• **STORED DATA**
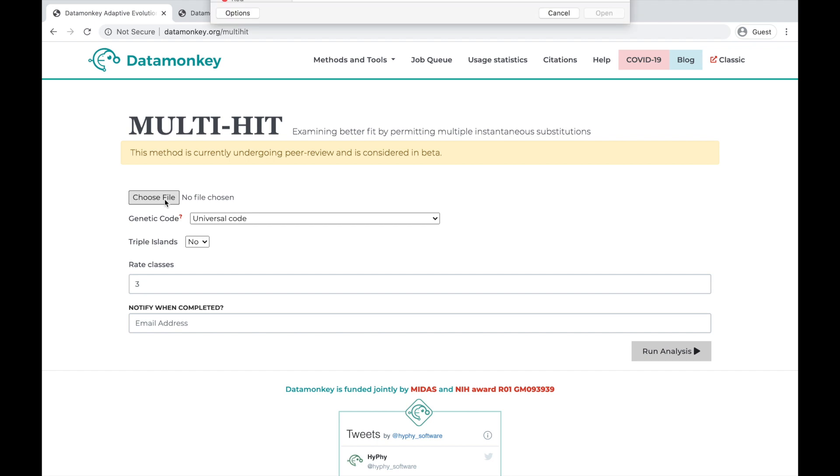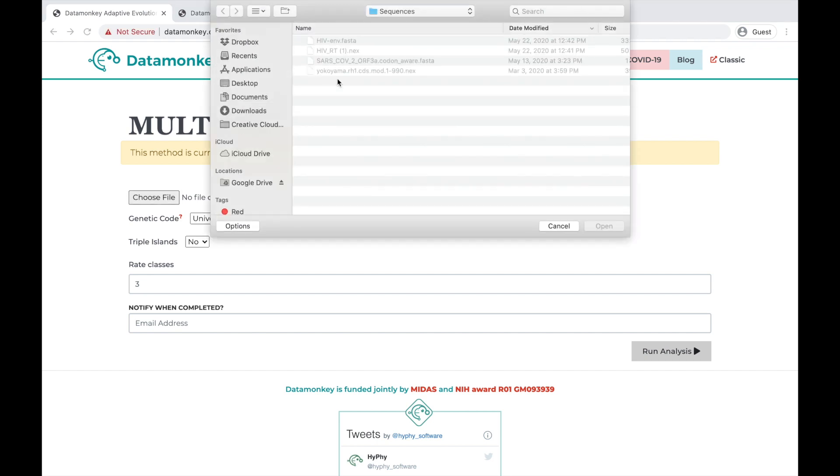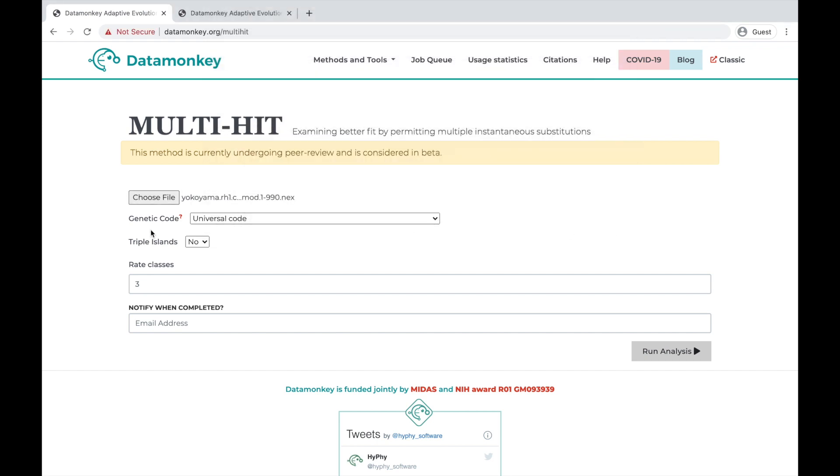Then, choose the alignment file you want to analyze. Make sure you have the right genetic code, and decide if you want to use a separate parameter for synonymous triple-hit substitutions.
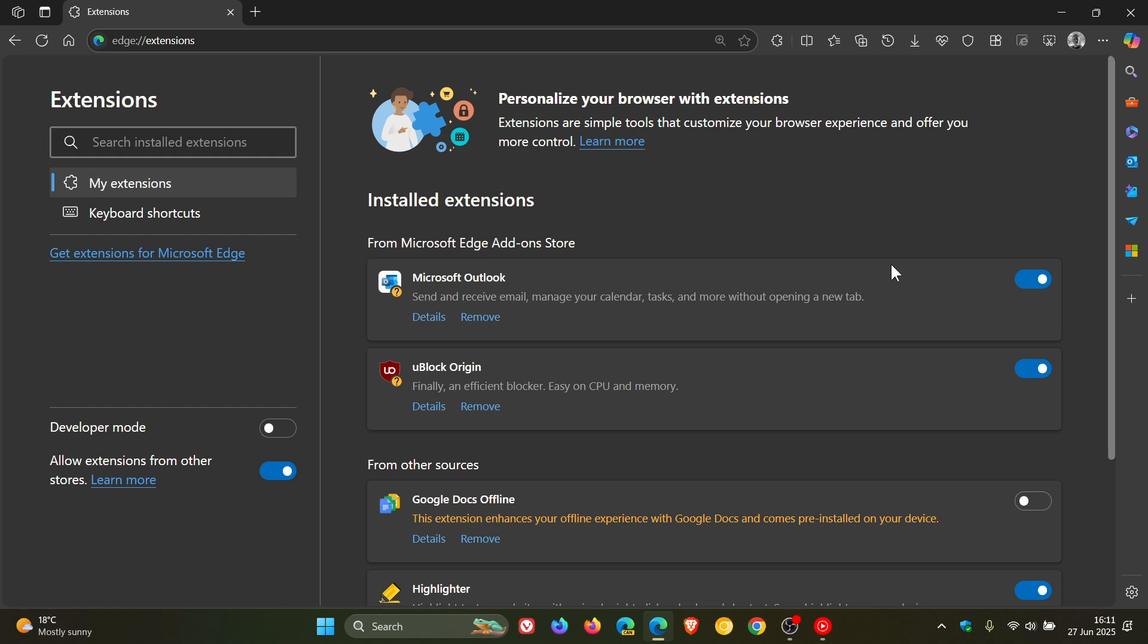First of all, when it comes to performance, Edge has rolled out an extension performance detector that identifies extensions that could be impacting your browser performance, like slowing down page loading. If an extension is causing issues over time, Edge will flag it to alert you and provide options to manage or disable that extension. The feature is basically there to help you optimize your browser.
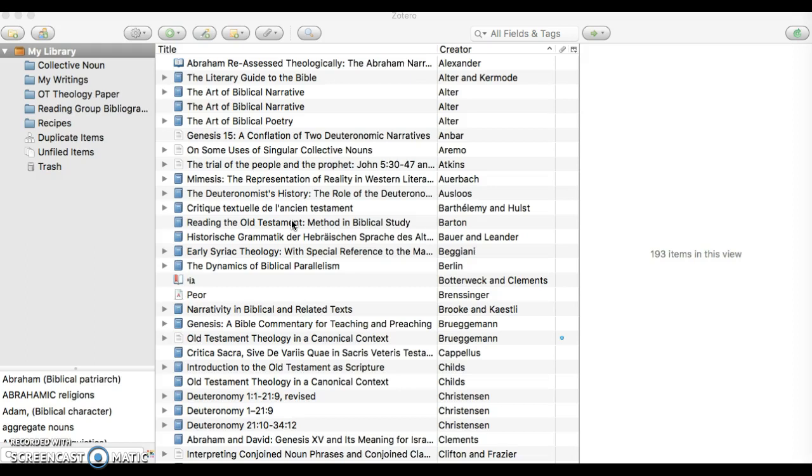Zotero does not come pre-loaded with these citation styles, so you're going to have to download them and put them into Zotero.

• **WHAT TO DO**
The copy must begin at the line containing "First of all, when" and end at the last line of the data above, with every line retyped exactly and no pictures included.

• **RESPONSE**
First of all, when it comes to performance, Edge has rolled out an extension performance detector that identifies extensions that could be impacting your browser performance, like slowing down page loading. If an extension is causing issues over time, Edge will flag it to alert you and provide options to manage or disable that extension. The feature is basically there to help you optimize your browser.
Zotero does not come pre-loaded with these citation styles, so you're going to have to download them and put them into Zotero.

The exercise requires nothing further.